I've been digging through youtube and can't find good videos for hearing how loud each compressor is.

Anyone got any videos of all the different Viair compressors and how loud the tend to be?

I know it's also very dependent on how well you dampen the sound, but I'm trying to get a rought idea of the sound they make.

:beer::beer:


----------



## SMG8vT (Oct 8, 2004)

They're all loud but you get used to it, not a big deal. I think you should worry less about how loud and instead focus on how fast you can get a 5 gallon tank filled. I'd recommend a dual pack, I have dual 400c's but I doubt they're the fastest out there.


----------



## dhenry (Feb 10, 2009)

i used to run dual 400cc's and they filled up the tank super quick. i put the compressors in the spare wheel well and there is no sound dampening material, so it is loud. since then i took one of the compressors out and here is what it sounds like.

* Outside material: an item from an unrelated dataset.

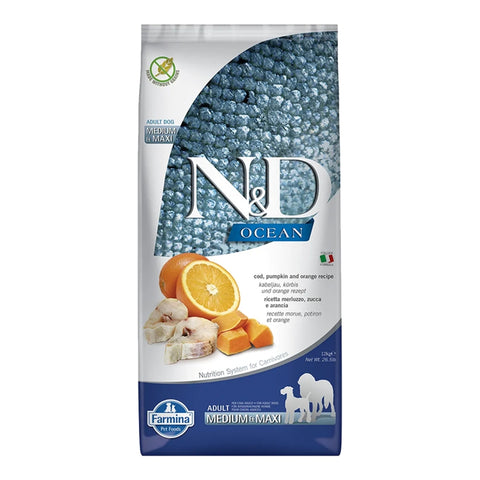 Farmina N&D Ocean Cod, Pumpkin & Orange Dog Food – 26.4 lb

**skip the slow startup and go right to 1:30


----------



## SMG8vT (Oct 8, 2004)

If you're not messing with it all the time and you don't have any major leaks it shouldn't come on more than once a day. Mine come on when I air it up in the morning and every time I raise it from fully aired out. Very rarely do they just come on randomly, usually after adjusting on the fly a few times for construction or whatever.


----------



## websaabn (May 23, 2003)

i run a single 400c mounted behind the front bumper, its nice and quiet in the car :laugh:it comes on every other time i lift the car.

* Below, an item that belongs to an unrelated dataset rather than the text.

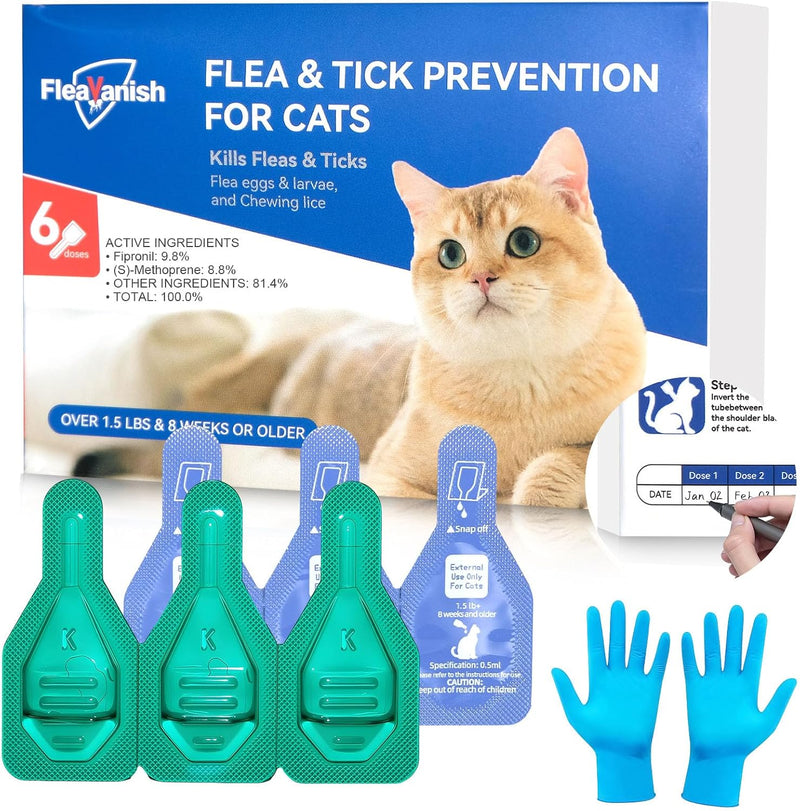 Cat Flea and Tick Drops, 6-Month Supply for Cats & Kittens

http://www.youtube.com/watch?v=vq6O3PZkHAM


----------



## MechEngg (Jan 13, 2009)

All compressors are loud until you sound proof stuff :thumbup:

Mine are zero noise compressors now, click on the video for sound comparison between in the trunk and in the passenger compartment

http://s605.beta.photobucket.com/user/MechEngg/media/VID00016-20120630-1255.mp4.html


----------



## [email protected] (Sep 1, 2012)

We are working on some pretty interesting vibration isolation mounts for the Viair compressors that will drastically reduce the noise/vibration they emit.


----------



## nyboy07 (Oct 27, 2009)

websaabn said:


> i run a single 400c mounted behind the front bumper, its nice and quiet in the car :laugh:it comes on every other time i lift the car.
> 
> 
> http://www.youtube.com/watch?v=vq6O3PZkHAM





MechEngg said:


> All compressors are loud until you sound proof stuff :thumbup:
> 
> Mine are zero noise compressors now, click on the video for sound comparison between in the trunk and in the passenger compartment
> 
> http://s605.beta.photobucket.com/user/MechEngg/media/VID00016-20120630-1255.mp4.html


Thanks! These were exactly what I was looking for :thumbup:



[email protected] said:


> We are working on some pretty interesting vibration isolation mounts for the Viair compressors that will drastically reduce the noise/vibration they emit.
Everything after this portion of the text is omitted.